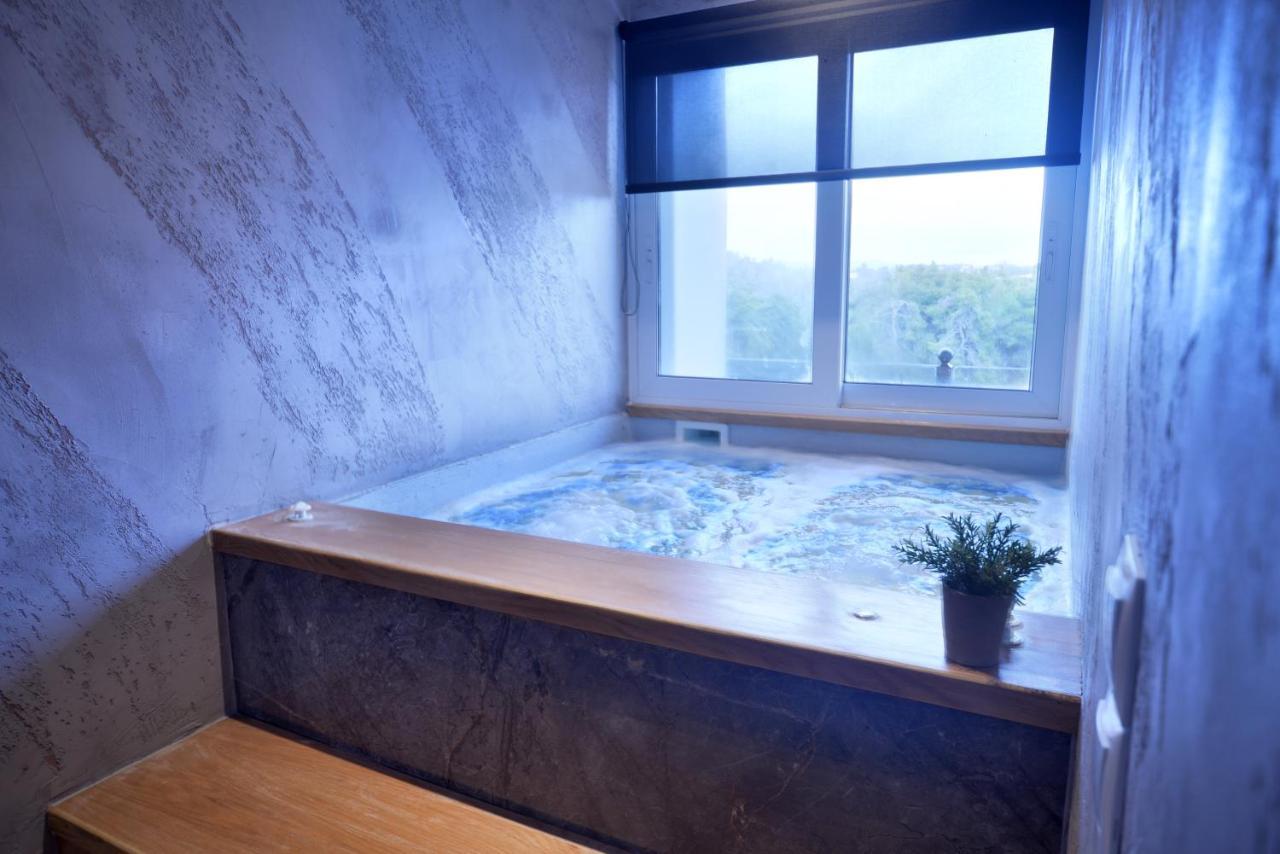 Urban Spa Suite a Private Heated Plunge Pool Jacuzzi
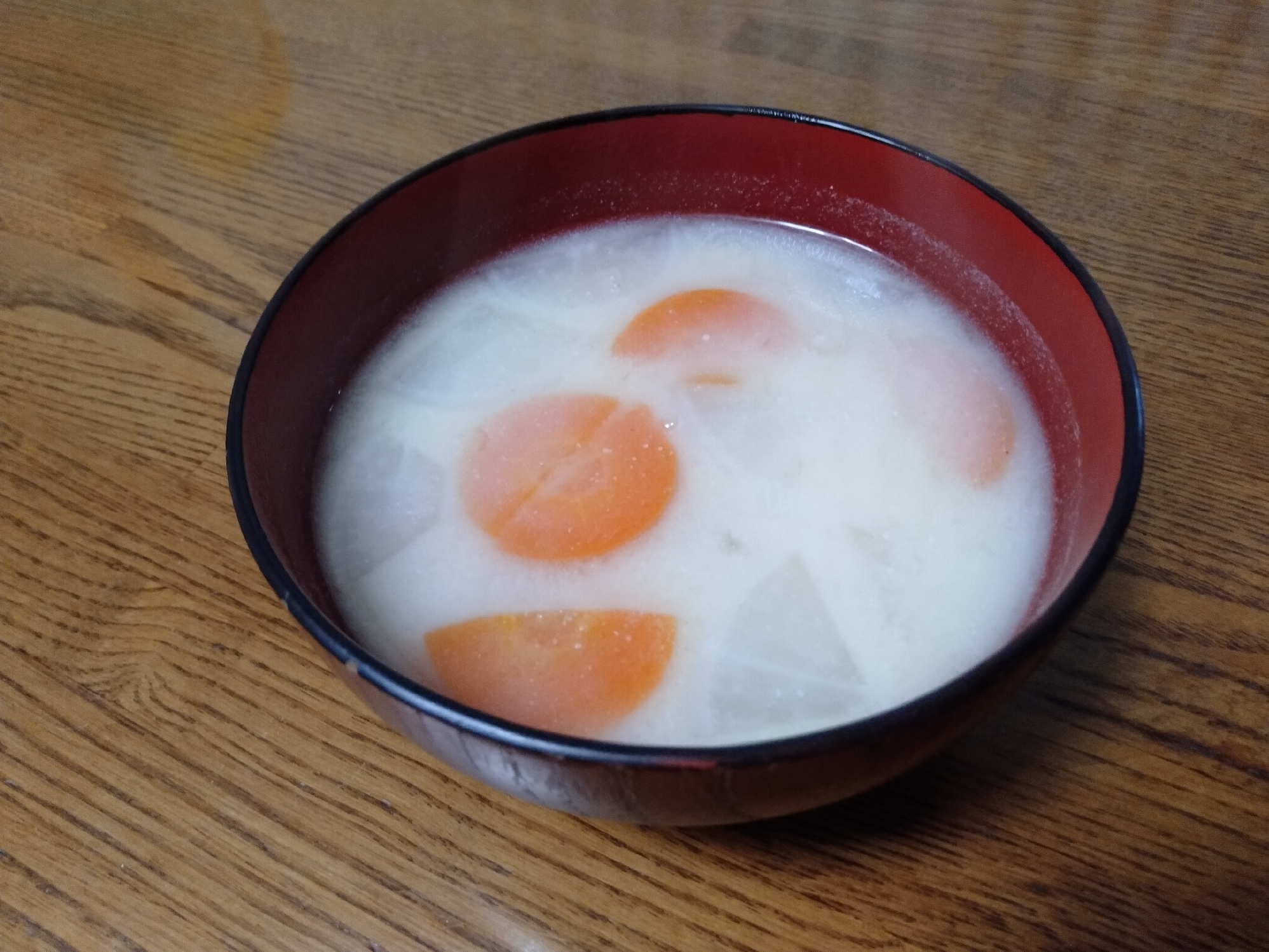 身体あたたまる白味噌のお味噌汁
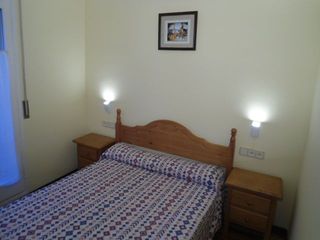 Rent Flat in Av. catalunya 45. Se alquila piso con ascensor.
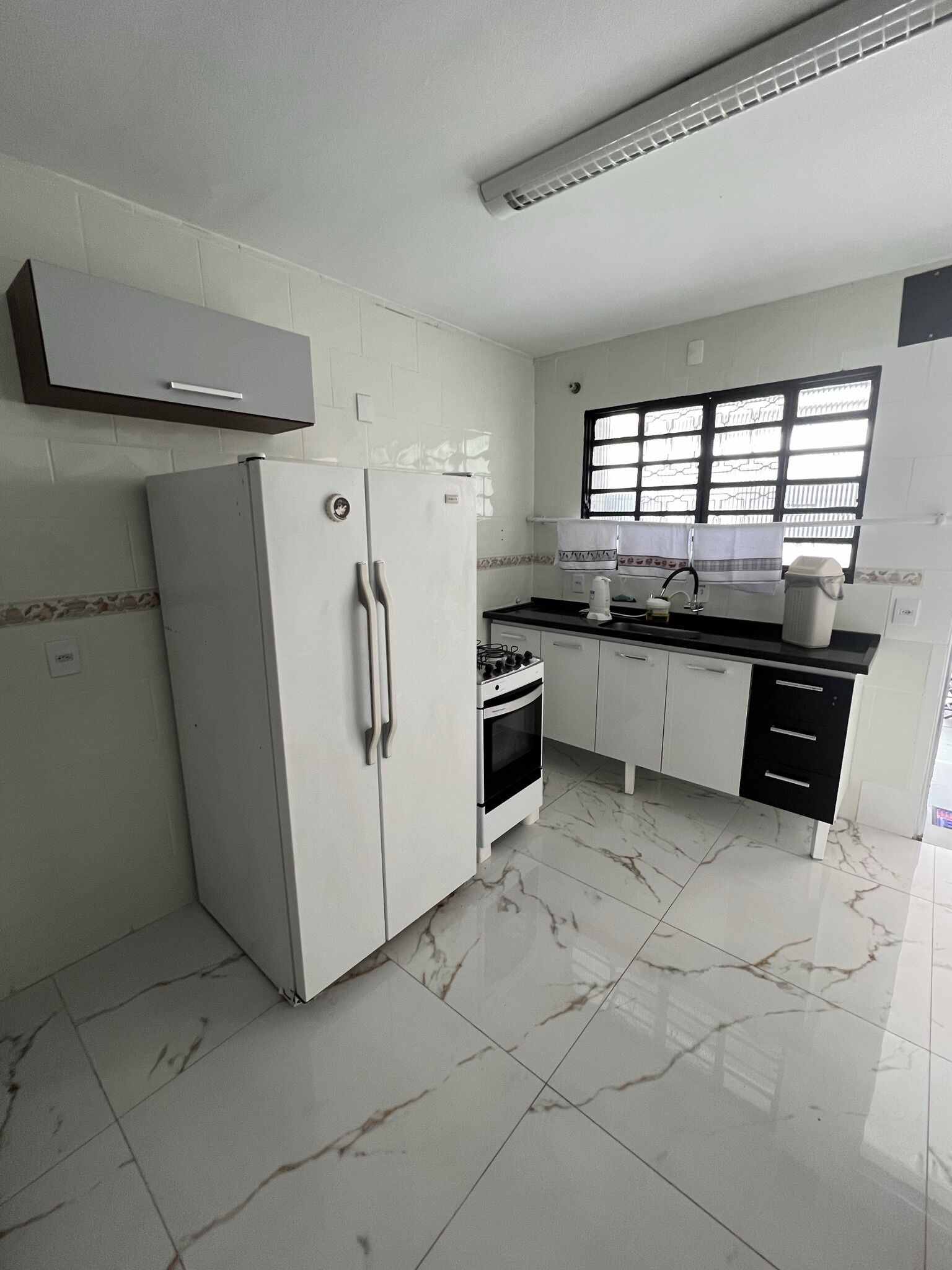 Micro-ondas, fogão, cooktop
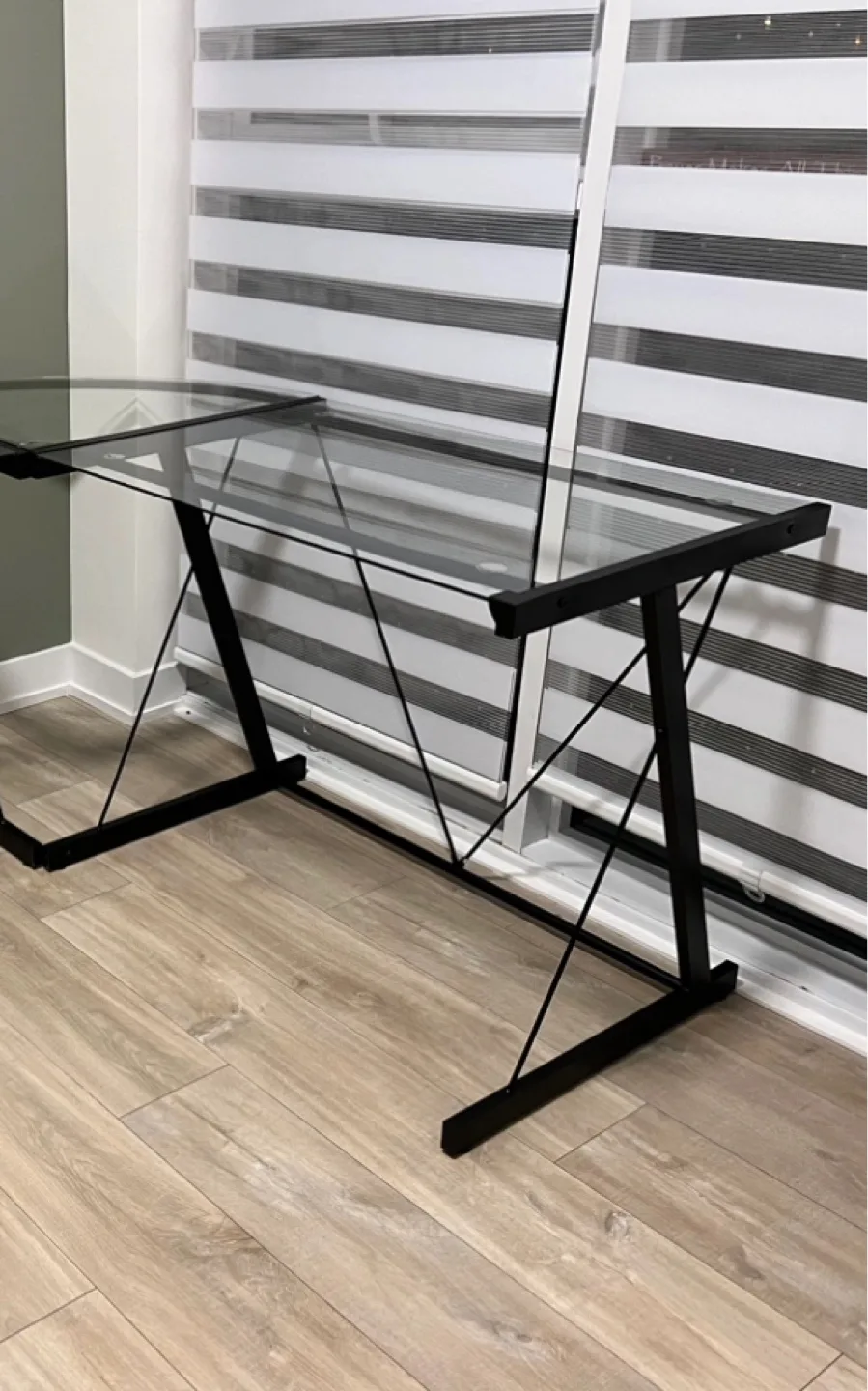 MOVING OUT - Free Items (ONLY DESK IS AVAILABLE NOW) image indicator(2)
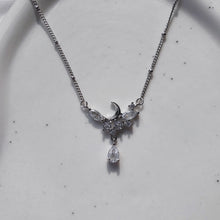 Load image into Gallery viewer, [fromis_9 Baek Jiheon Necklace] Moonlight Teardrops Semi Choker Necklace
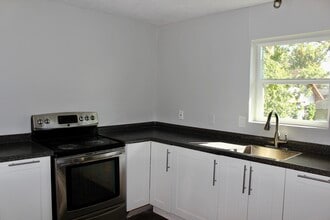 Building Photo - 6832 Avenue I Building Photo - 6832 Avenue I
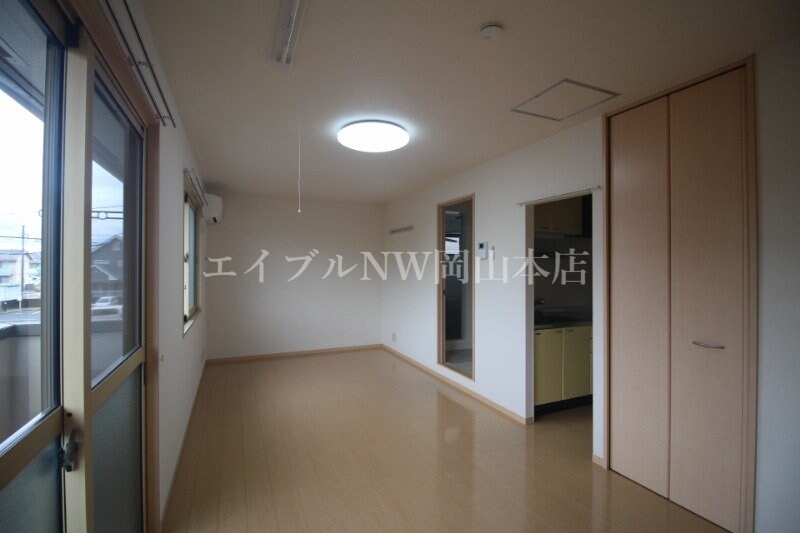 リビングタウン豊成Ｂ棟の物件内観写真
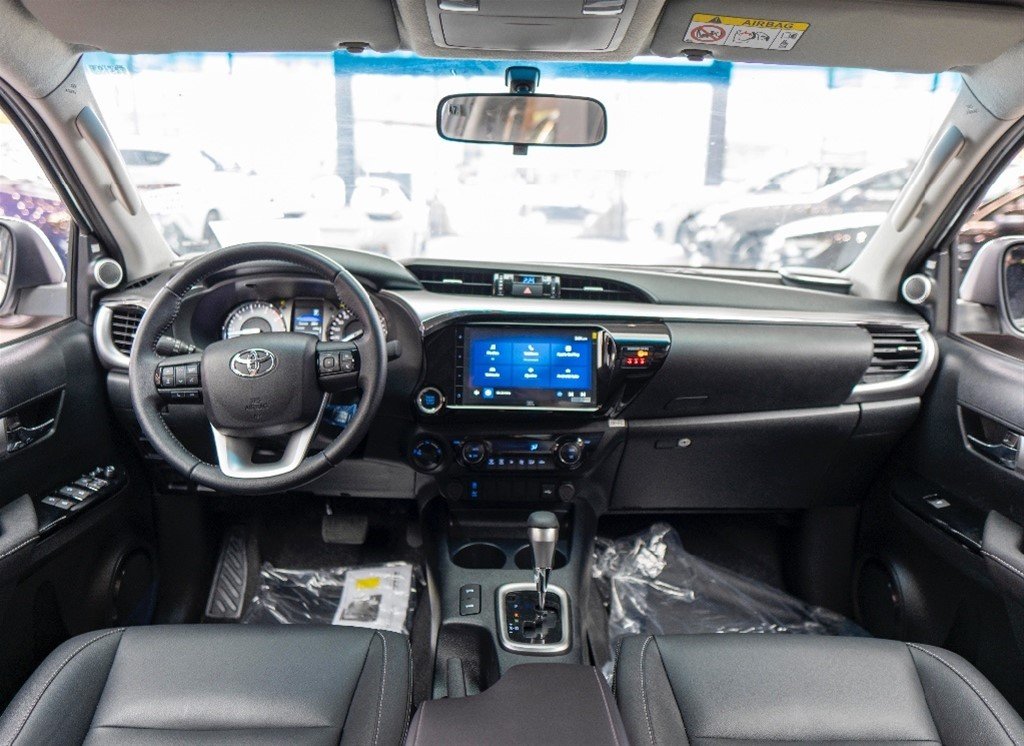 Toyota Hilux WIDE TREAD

### What to do
Retype the lines exactly as they appear, beginning with the line that contains "Load image into" and ending with the final line of the entries, and omit the pictures.

### Written answer
 Load image into Gallery viewer, [fromis_9 Baek Jiheon Necklace] Moonlight Teardrops Semi Choker Necklace
 Building Photo - 6832 Avenue I Building Photo - 6832 Avenue I
 リビングタウン豊成Ｂ棟の物件内観写真
 Toyota Hilux WIDE TREAD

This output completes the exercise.